TASK DESCRIPTION. Retype all of the data word for word, without pictures.

:::

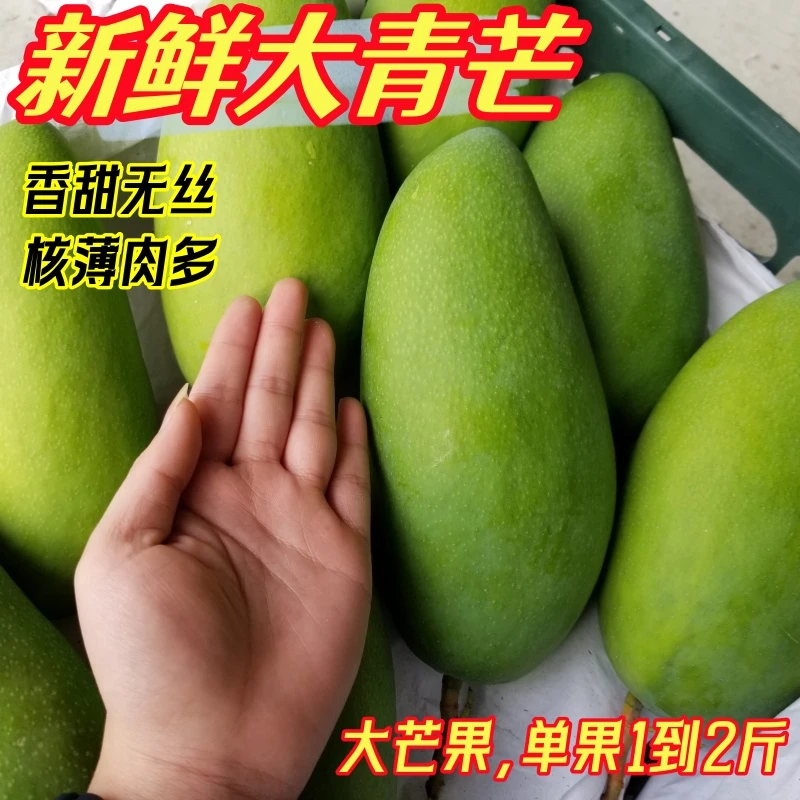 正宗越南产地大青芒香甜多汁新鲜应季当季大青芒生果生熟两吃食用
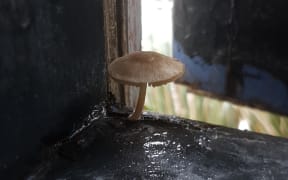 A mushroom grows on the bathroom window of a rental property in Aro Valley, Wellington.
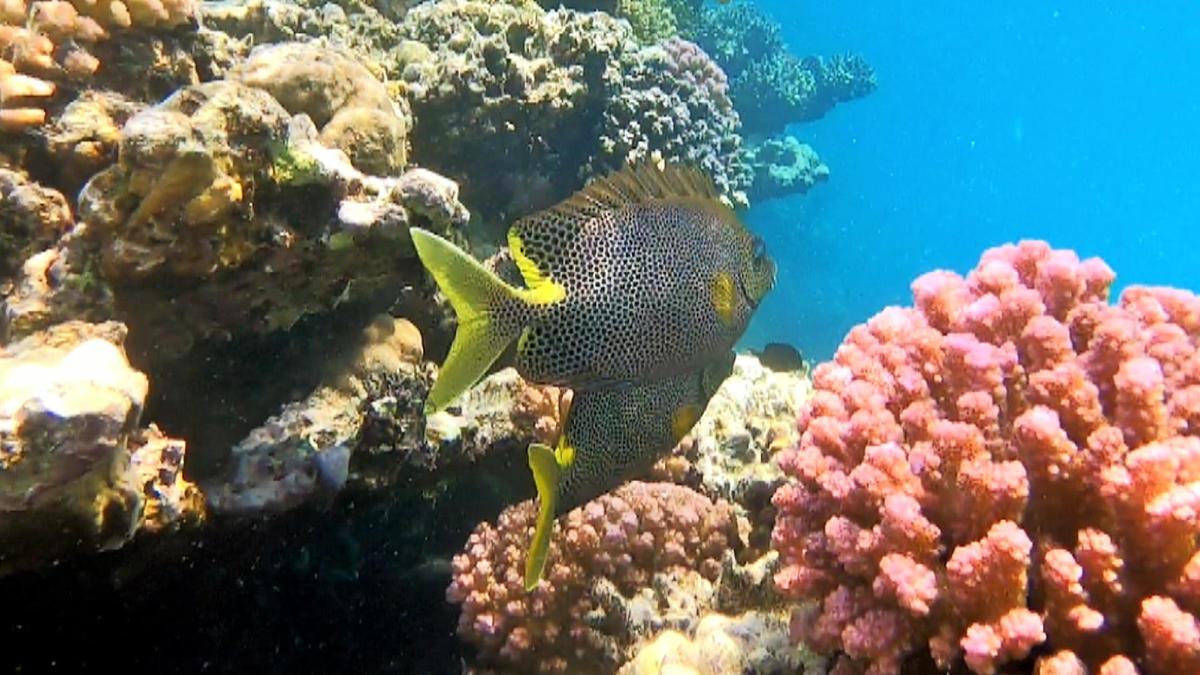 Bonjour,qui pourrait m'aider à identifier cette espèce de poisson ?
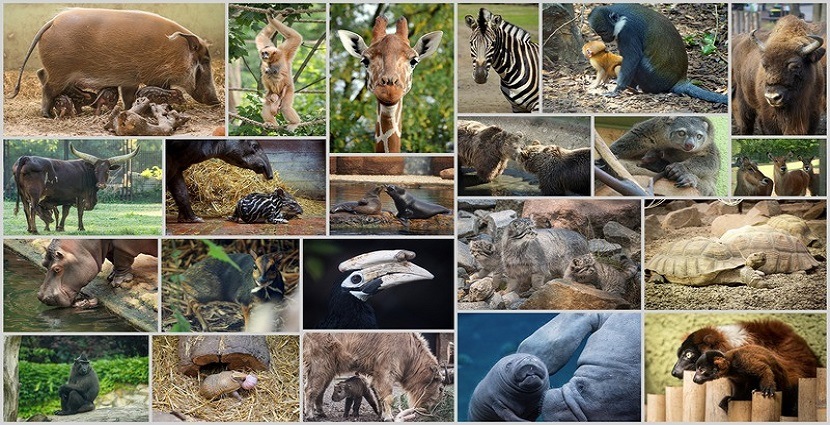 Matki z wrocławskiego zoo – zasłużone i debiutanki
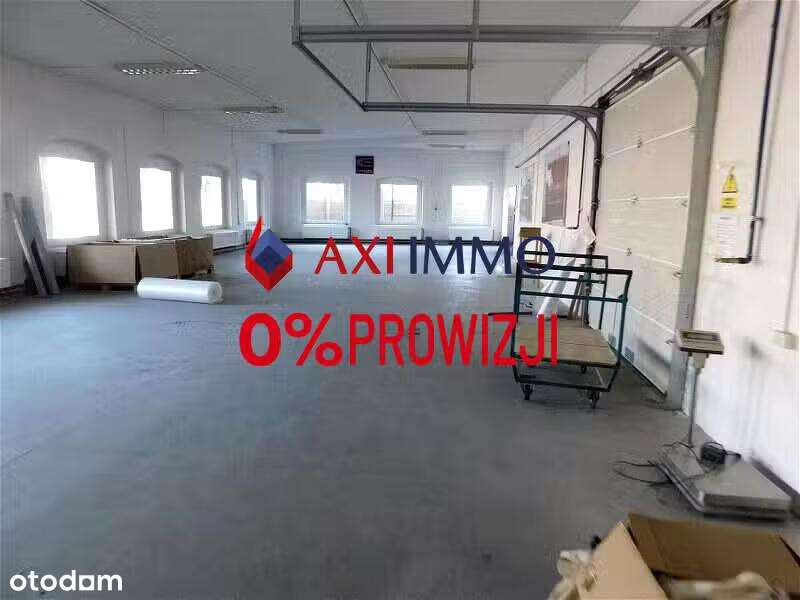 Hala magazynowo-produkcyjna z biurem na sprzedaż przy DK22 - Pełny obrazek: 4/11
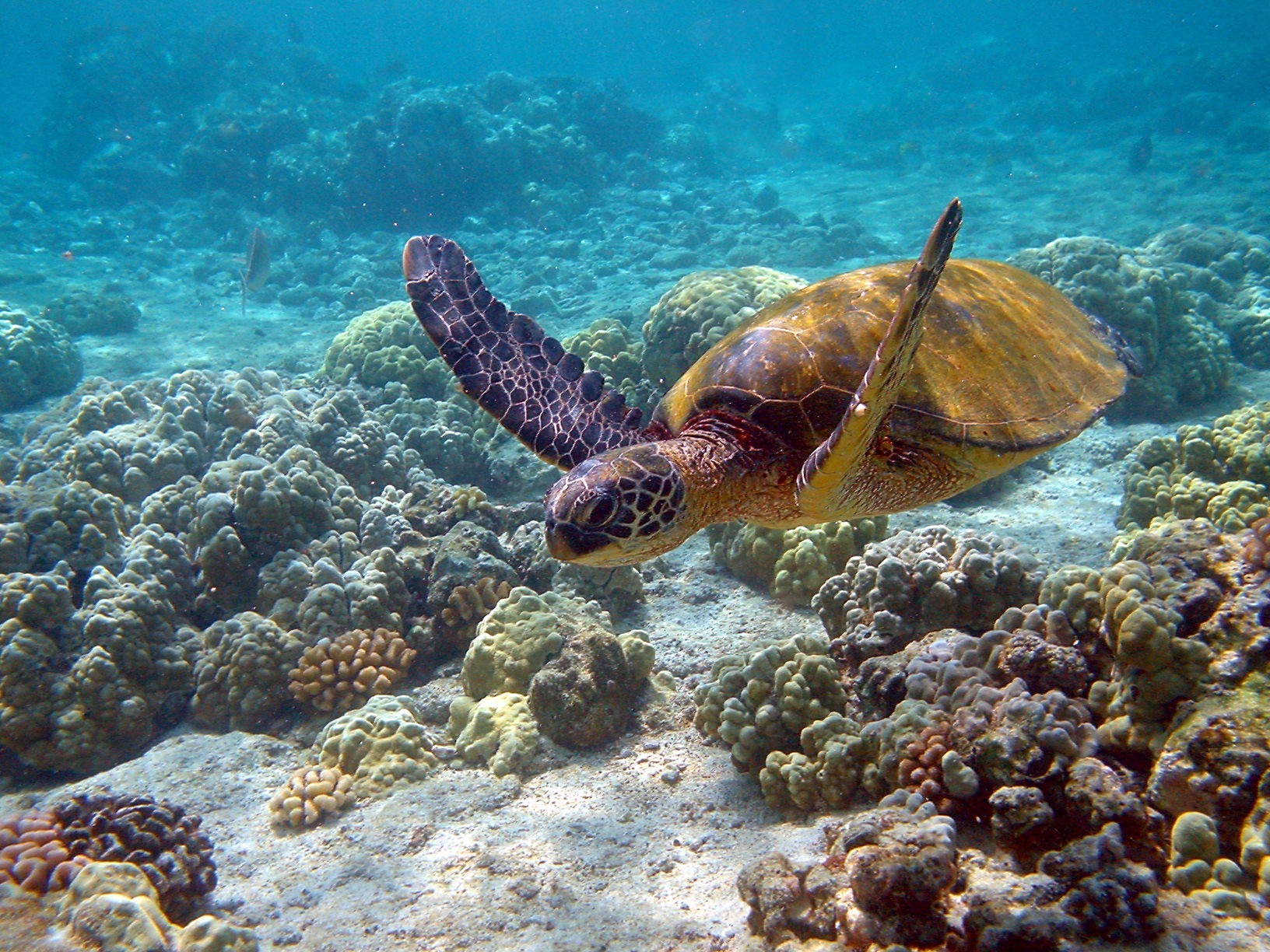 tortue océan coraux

:::

RESULT.
 正宗越南产地大青芒香甜多汁新鲜应季当季大青芒生果生熟两吃食用
 A mushroom grows on the bathroom window of a rental property in Aro Valley, Wellington.
 Bonjour,qui pourrait m'aider à identifier cette espèce de poisson ?
 Matki z wrocławskiego zoo – zasłużone i debiutanki
 Hala magazynowo-produkcyjna z biurem na sprzedaż przy DK22 - Pełny obrazek: 4/11
 tortue océan coraux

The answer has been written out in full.